Sue made a face. “Look, I put those pictures up. Do you want me to apologize?”
Sandy chuckled. “No, no. I’m glad you did. We’ve put up with so much of his nonsense, and that was the final straw. It just all added up and here we are.”
“But—your jobs,” Ginny protested.
“Oh, we’ll be back tomorrow. It’s just that we told Jemmie we would walk out the next time he started in on us, and we did it. If he starts up again, we’ll walk out again. Sooner or later, he’ll catch on. Bye!”
Mark slapped his knee as he watched her go. “The man needs more than a walkout, but it’s a start! Hey, next time can we call the cops?”
In the end, as they all headed back to work, they decided to leave it up to Jemmie’s employees, unless he started in on someone else.
The tracking board was pleasantly full with plenty of frame orders to work on. Sue asked Elsie to check a measurement before she ordered a frame, then they worked together to assemble an oversized print.
Ginny turned back to her paperwork, but the altercation at Jemmie’s upset her. If he could get so upset over frog pictures, what might he do if something serious happened? What could she do about it? She put in a call to the Westford police and asked to have an officer stop by for a consultation.
Two days later, just after nine o’clock, Officer Tom DiAndreo pulled up in front of Brush & Bevel and knocked on the locked door. Ginny let him in and offered coffee.
“Only if you’re having some,” he replied. “Unfortunately, some folks would consider it an ‘inducement.’”
Ginny rolled her eyes. “I’ll get some for both of us. Sue and Elsie already have theirs.” When she returned with the cups, he was staring upward. She followed his gaze but couldn’t determine what he was looking at. She nudged his elbow. “Something interesting up there?”
He grinned boyishly and accepted the coffee. “Nice ceiling. No spitballs.”
“I should hope not.” She raised an eyebrow, inviting an explanation.
“There are sixteen spitballs in the ceiling over my desk. Been there since I started twelve years ago. I keep complaining, but the cleaning staff never gets rid of ’em.”
Ginny chuckled. “That’s why I do my own cleaning.”
“Yeah, well, the town won’t spend money on a decent cleaning service. They’d rather spend it on ‘essentials’ like fireworks.” He shook his head and took a swig of coffee. “This is good. Thanks. Gets the dust of the file room out of my throat.”
“Let me guess, they won’t spring for a proper filing system, either.”
He winked. “One reason I’m applying to the state police.”
Within a few minutes, Ed the landlord showed up and Carol from the deli came in, too. They each took a seat, some in the upholstered chairs and some on the tall swivel chairs.
Mark scooted in and perched a hip on the design desk. DiAndreo stood beside the faux fireplace and waited until the chitchat died down.
“You don’t look very surprised to see us all,” Ginny said.
“Let me guess. It’s about Jemmie Demarais, right?”
At their nod, he sighed. “Any time you feel threatened, I mean
time, call us. We’ll be right over. We all know he’s got a couple screws loose, even though we don’t think he’d actually hurt anyone. He doesn’t have to hurt someone to get in trouble with the law. Just threatening can be a crime.

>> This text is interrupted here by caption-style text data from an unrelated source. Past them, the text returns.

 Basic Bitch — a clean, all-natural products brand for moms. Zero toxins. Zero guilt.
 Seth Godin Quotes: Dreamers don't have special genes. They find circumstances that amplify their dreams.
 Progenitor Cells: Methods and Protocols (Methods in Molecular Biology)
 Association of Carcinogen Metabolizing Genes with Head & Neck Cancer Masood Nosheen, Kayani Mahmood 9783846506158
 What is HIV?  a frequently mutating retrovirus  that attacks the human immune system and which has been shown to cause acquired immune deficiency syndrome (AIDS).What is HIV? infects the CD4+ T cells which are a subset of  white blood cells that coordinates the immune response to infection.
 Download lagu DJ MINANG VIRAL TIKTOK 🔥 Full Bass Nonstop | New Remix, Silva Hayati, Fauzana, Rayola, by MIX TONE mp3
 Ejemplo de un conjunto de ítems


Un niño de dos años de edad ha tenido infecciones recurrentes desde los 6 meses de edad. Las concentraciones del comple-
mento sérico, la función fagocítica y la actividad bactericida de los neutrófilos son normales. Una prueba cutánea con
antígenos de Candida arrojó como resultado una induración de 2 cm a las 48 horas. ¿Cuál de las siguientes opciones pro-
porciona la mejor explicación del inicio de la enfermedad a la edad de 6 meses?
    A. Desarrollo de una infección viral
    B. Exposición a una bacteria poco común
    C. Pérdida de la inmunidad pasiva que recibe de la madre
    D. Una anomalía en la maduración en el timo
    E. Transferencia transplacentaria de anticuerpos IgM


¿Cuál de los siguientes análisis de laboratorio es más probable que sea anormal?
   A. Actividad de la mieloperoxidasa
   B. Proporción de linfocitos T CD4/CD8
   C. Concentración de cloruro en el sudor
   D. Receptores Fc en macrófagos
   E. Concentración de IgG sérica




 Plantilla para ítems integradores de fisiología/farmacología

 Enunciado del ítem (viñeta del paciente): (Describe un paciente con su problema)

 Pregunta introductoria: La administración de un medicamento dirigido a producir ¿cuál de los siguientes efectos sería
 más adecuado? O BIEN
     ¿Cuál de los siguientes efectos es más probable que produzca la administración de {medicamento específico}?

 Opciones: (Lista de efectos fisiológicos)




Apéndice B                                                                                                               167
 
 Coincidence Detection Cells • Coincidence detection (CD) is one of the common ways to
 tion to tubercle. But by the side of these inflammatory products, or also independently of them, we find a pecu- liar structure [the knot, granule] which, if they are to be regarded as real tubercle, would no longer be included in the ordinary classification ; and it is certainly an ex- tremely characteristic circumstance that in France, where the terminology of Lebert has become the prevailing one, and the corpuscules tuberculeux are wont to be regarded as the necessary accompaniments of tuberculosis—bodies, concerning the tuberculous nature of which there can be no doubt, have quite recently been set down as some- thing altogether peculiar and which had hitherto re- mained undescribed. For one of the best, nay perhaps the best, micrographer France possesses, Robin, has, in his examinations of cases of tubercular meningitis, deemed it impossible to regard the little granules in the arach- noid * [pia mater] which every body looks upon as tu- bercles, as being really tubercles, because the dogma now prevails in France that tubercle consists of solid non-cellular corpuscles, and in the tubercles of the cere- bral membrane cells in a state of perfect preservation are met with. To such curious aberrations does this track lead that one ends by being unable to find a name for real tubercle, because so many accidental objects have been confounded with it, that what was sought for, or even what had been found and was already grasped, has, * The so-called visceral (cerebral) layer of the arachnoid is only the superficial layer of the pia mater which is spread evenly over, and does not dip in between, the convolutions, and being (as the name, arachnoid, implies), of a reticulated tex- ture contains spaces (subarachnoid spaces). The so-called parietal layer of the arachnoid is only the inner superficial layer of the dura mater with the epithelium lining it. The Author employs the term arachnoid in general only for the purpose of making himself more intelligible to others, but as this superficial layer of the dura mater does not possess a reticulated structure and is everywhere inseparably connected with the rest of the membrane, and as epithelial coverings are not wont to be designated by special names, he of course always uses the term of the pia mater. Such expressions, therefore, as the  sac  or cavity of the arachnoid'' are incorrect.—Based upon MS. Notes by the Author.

Now, do you have anything concrete against him?”
They looked at each other, but it was Ginny who jumped in first. “He’s a royal pain, although I’ve never been afraid of him. I think he needs help, but I’m certainly not going to say that to him.”

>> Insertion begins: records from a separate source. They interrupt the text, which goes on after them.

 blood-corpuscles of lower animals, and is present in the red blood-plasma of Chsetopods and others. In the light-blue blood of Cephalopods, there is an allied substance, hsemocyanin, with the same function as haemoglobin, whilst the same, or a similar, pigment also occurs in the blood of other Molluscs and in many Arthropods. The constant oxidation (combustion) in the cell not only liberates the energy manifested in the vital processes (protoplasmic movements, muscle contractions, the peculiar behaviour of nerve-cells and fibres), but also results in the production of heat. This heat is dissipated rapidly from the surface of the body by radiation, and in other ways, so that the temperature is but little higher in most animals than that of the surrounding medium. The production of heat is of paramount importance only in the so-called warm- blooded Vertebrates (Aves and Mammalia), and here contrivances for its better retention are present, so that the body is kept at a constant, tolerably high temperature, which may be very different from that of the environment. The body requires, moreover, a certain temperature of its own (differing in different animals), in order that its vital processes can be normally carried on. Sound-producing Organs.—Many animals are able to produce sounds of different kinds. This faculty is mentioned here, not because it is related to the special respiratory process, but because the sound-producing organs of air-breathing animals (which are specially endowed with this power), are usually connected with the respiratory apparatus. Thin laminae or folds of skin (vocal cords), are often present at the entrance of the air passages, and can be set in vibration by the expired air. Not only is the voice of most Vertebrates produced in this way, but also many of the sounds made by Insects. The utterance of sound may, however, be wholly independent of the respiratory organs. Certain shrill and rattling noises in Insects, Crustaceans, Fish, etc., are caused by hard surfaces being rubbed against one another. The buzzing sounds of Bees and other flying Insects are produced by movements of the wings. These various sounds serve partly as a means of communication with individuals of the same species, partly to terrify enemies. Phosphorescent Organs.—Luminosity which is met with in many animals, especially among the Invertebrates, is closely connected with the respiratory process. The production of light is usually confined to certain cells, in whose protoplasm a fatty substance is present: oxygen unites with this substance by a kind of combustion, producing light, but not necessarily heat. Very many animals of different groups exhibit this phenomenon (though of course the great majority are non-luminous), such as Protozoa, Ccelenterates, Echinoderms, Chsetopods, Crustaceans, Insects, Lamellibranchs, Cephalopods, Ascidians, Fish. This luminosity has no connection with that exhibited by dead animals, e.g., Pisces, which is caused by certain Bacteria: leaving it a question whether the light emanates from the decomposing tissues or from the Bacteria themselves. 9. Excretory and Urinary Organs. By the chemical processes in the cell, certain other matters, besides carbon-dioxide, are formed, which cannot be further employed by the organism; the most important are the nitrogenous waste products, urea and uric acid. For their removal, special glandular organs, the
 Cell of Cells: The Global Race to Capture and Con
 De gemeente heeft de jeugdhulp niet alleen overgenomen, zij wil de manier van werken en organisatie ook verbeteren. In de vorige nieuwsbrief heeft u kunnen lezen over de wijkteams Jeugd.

“No, I don’t think you should. It has to come from somebody close to him, or else from an official. Leave that part of it alone. What about his staff?”

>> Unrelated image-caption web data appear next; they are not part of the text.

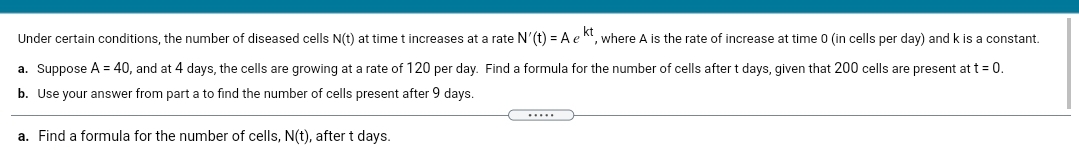 Under certain conditions, the number of diseased cells N(t) at time t increases at a rate N'(t) = A e
where A is the rate of increase at time 0 (in cells per day) and k is a constant.
a. Suppose A = 40, and at 4 days, the cells are growing at a rate of 120 per day. Find a formula for the number of cells after t days, given that 200 cells are present at t = 0.
b. Use your answer from part a to find the number of cells present after 9 days.
.....
a. Find a formula for the number of cells, N(t), after t days.
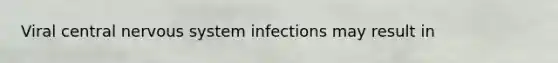 Viral central nervous system infections may result in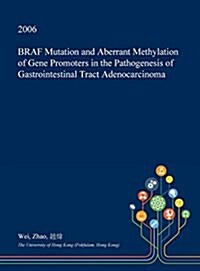 Braf Mutation and Aberrant Methylation of Gene Promoters in the Pathogenesis of Gastrointestinal Tract Adenocarcinoma (Hardcover)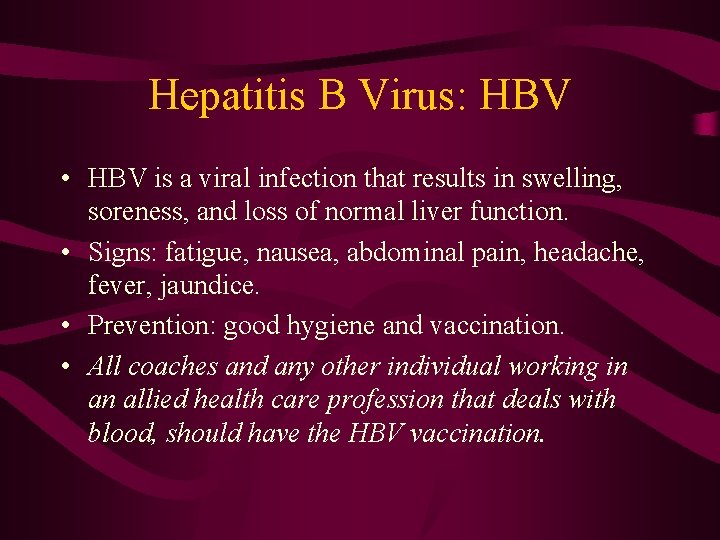 Hepatitis B Virus: HBV • HBV is a viral infection that results in swelling,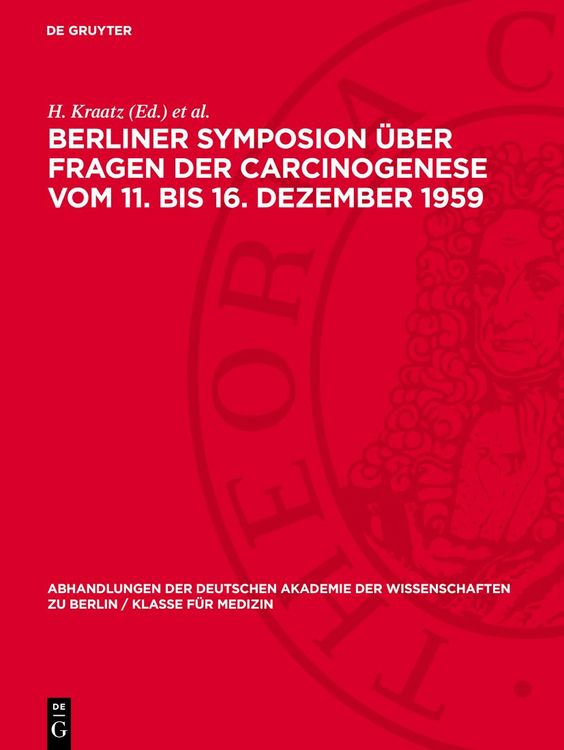 Produktbild: Berliner Symposion &uuml;ber Fragen der Carcinogenese vom 11. bis 16. Dezember 1959
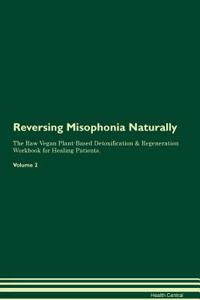 Reversing Misophonia Naturally the Raw Vegan Plant-Based Detoxification & Regeneration Workbook for Healing Patients. Volume 2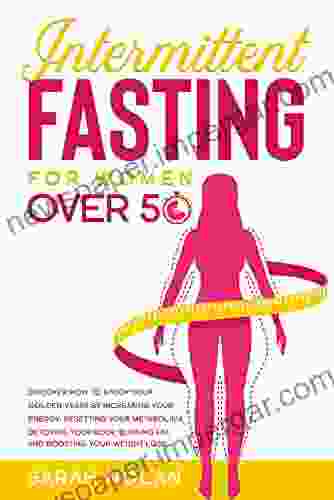 Intermittent Fasting For Women Over 50 : Discover How To Enjoy Your Golden Years By Increasing Your Energy Resetting Your Metabolism Detoxing Your Body Burning Fat And Boosting Your Weight Loss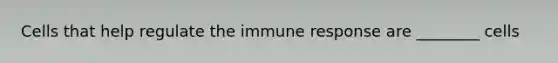 Cells that help regulate the immune response are ________ cells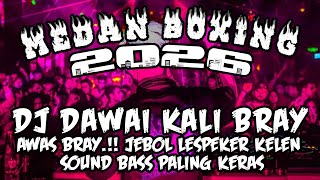 Download lagu DJ BOXING MEDAN FULL BASS 🔥 DJ DAWAI KALI BRAY | SOUND TIKTOK VIRAL 2026 mp3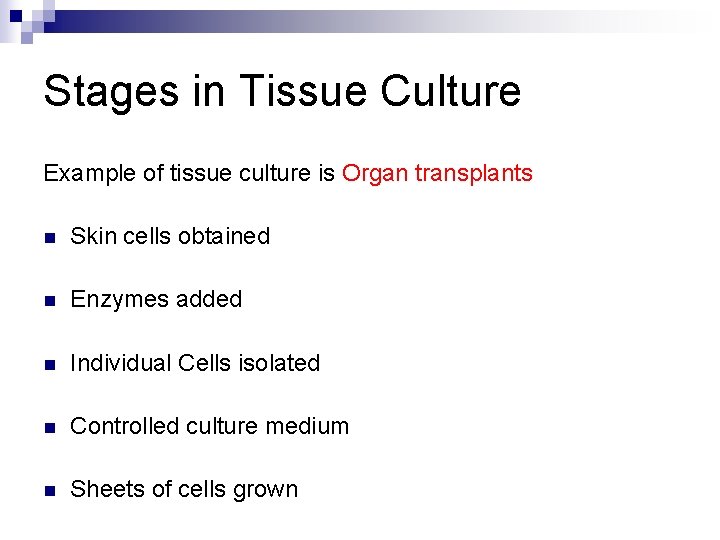 Stages in Tissue Culture Example of tissue culture is Organ transplants n Skin cells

“They yell back, and now they’ve started walking out,” Elsie said. “I don’t want another situation like the one ten years ago…” She paused to see if DiAndreo remembered when Mike Bingham had frightened her so and went on at his nod, “and it’s not right that our customers have to hear that kind of stuff.”
“Does he get profane? Because if he does, we can charge him with indecency.”
“Not that I’ve heard,” Ginny started, but Mark spoke over her.